→ Required action
Select from the data all lines with the word "light".

→ Records for the task
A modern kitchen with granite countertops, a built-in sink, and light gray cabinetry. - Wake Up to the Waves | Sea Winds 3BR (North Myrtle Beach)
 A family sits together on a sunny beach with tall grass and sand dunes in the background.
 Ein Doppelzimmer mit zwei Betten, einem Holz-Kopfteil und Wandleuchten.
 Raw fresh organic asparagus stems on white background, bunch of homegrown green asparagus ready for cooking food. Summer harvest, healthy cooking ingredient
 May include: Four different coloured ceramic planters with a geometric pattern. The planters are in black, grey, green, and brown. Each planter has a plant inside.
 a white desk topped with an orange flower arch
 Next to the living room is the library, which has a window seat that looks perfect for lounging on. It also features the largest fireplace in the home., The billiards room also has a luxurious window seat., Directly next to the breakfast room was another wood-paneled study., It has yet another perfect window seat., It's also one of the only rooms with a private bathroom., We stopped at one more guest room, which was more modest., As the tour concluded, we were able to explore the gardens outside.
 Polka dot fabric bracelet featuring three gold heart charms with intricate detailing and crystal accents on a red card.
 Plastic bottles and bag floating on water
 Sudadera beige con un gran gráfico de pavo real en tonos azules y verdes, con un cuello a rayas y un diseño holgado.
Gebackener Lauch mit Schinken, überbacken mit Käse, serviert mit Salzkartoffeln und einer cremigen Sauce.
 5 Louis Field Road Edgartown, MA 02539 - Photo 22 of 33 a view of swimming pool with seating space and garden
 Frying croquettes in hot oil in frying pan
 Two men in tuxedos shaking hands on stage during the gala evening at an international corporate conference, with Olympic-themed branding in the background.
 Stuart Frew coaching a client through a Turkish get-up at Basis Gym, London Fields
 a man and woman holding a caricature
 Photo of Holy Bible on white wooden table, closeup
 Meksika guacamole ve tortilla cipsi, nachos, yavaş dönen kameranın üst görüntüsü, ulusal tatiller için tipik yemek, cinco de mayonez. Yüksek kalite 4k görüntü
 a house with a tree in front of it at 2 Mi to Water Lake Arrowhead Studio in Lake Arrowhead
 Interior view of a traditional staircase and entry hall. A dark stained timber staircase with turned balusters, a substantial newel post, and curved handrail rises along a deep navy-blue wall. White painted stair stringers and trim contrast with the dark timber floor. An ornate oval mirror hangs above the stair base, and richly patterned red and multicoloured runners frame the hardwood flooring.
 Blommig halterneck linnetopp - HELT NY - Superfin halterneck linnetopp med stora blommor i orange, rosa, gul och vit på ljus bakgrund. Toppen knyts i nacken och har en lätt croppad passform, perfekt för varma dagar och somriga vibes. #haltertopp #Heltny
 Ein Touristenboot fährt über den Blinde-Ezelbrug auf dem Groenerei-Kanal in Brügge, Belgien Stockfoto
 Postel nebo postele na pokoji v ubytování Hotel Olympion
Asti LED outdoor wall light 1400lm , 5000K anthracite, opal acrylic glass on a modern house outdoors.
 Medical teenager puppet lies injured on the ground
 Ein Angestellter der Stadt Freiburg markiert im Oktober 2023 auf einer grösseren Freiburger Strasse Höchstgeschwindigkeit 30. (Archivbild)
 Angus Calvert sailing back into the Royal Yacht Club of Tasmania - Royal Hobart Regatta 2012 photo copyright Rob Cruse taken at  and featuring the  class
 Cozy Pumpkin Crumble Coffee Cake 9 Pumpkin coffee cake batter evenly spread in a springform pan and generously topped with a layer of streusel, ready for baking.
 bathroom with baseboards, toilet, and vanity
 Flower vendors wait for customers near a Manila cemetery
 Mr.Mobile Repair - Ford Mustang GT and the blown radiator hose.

→ Reply to the task
A modern kitchen with granite countertops, a built-in sink, and light gray cabinetry. - Wake Up to the Waves | Sea Winds 3BR (North Myrtle Beach)
Asti LED outdoor wall light 1400lm , 5000K anthracite, opal acrylic glass on a modern house outdoors.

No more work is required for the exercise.